A Miami-based brokerage, EFG Capital International, has agreed to pay $650,000 to settle Financial Industry Regulatory Authority (FINRA) allegations that the firm’s anti-money laundering (AML) systems failed to flag suspicious transactions and overlooked key compliance steps.
In a Thursday settlement letter, FINRA announced that EFG Capital was fined and censured for compliance deficiencies tied to its automated monitoring systems — issues uncovered during a recent regulatory exam. While the firm neither admitted nor denied the findings, EFG agreed to the sanctions and has since remediated its AML practices, according to the settlement notice.
FINRA Flags $305 Million in Unmonitored Wire Transfers
EFG Capital, a FINRA member since 1996 with about 120 representatives across six U.S. branches and a Swiss banking affiliate, came under scrutiny for system flaws that spanned May 2018 through August 2022.

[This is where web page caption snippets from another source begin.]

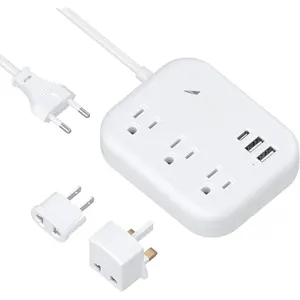 European Travel Plug Adapter,  EU/UK/ Travel Power Strip with 3 Outlets 3 USB Ports, International Universal Plug Adapter with 3ft Extension Cord to EU UK  Spain France  Cruise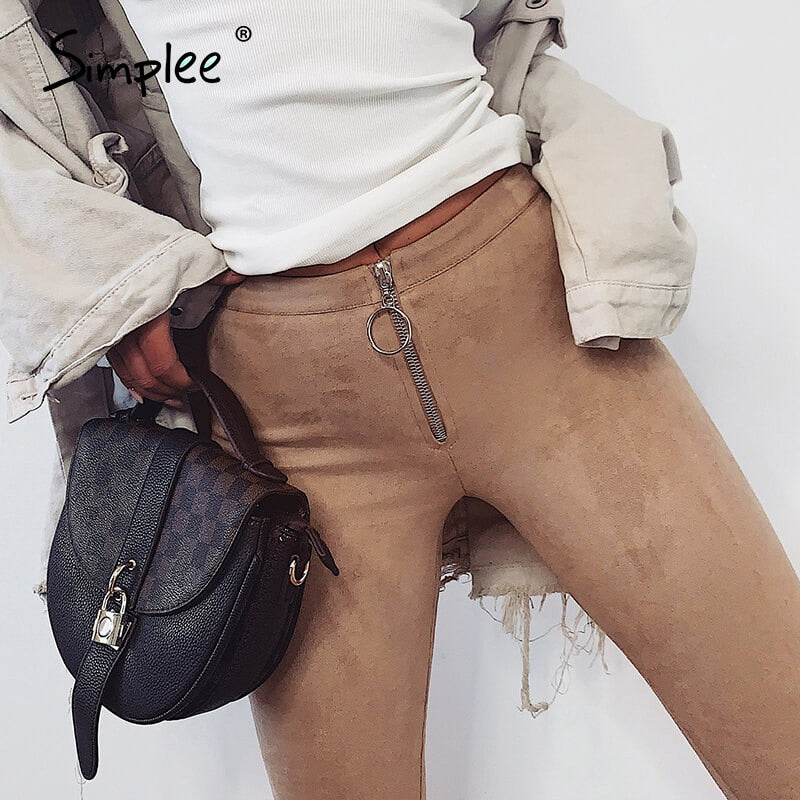 Pantalone a vita alta skinny con zip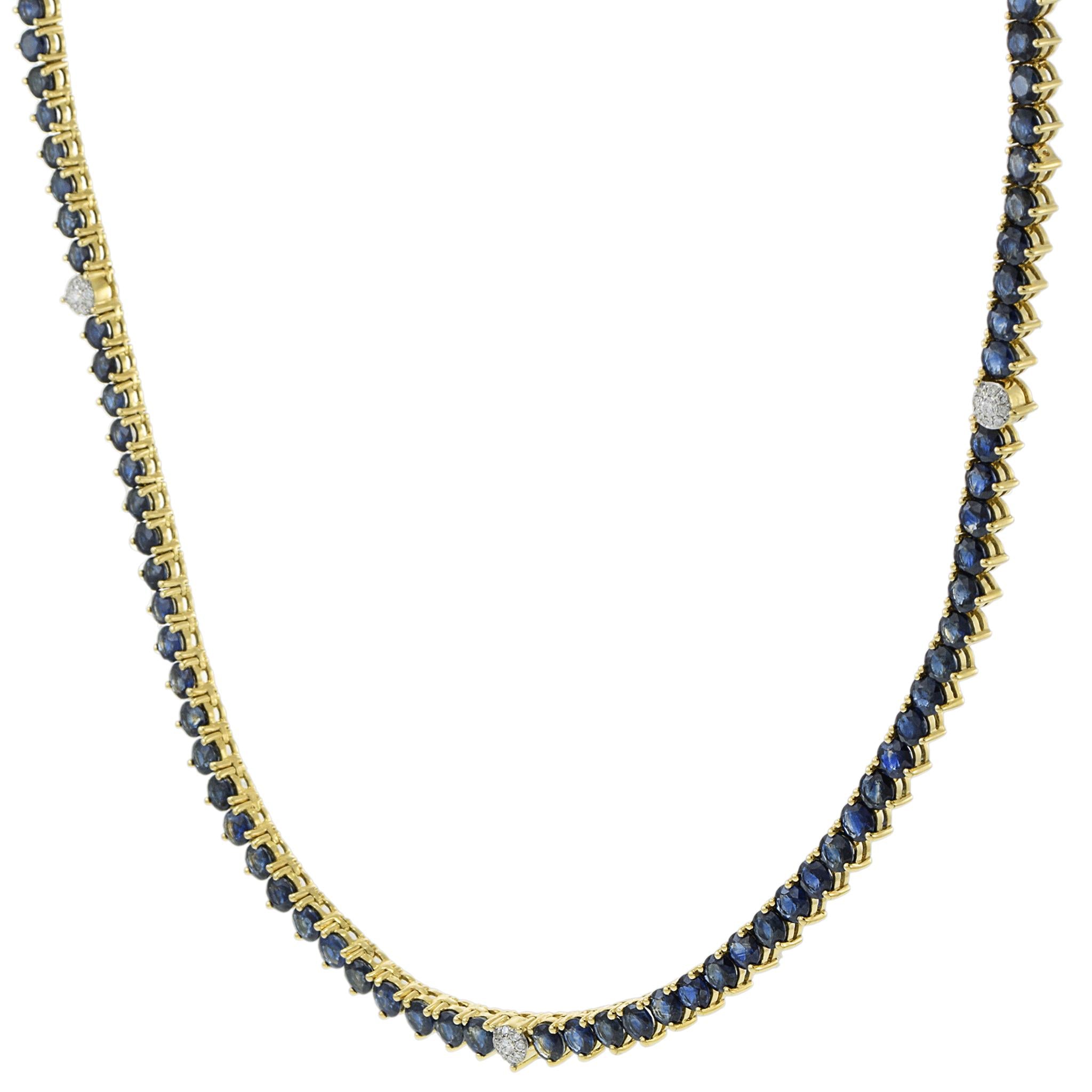 18KT Yellow Gold Sapphire & Diamond Tennis Necklace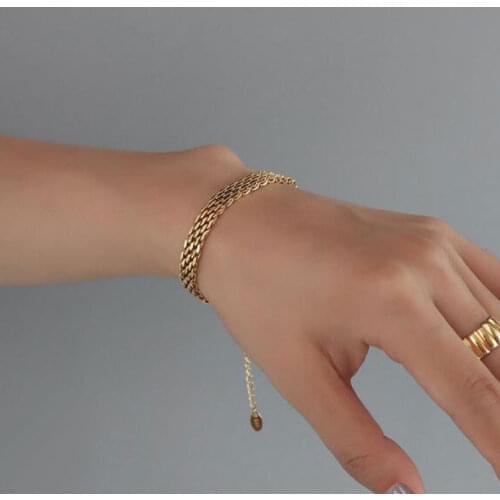 2021 New Fashion 18 K Plated Stainless Steel Bracelet High Quality Good Price Gold Color Metal Texture Bracelet for Women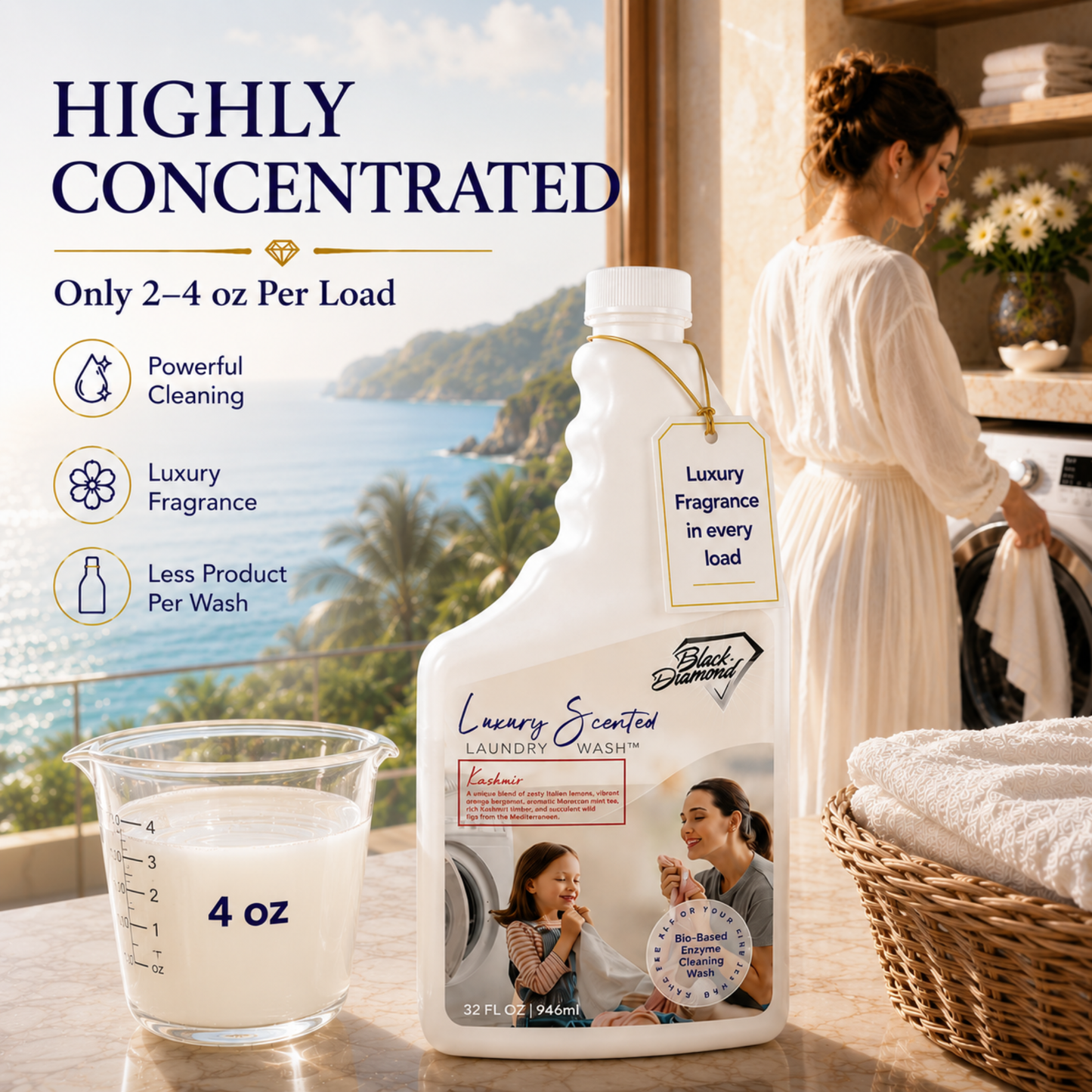 Bottle of luxury laundry wash with a measuring cup and scenic background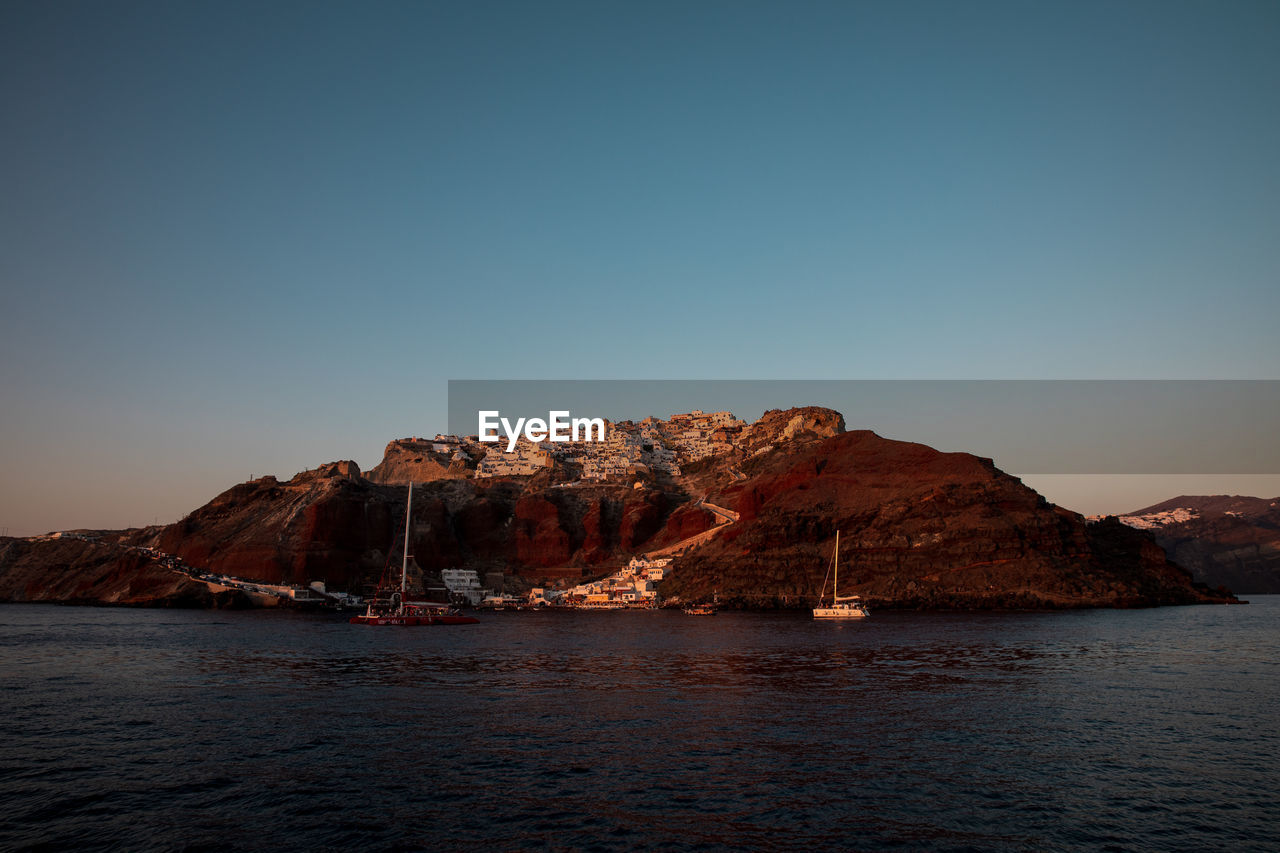 Scenic view of sea against clear sky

Between May 2018 and November 2021, FINRA alleged, delays in data transmissions between EFG and its Swiss affiliate caused the firm’s AML tool to miss critical wire activity. As a result, the system’s daily monitoring failed to review roughly 900 wire transfers — totaling $305 million — including transfers to and from high-risk countries, according to the regulator.
The problem didn’t stop there. FINRA said a coding error in the automated AML system misclassified wire transfers from high-risk jurisdictions as domestic U.S. transfers by defaulting their country codes to “U.S.”. This glitch effectively cloaked $30 million in wire activity that should have triggered review and compliance alerts.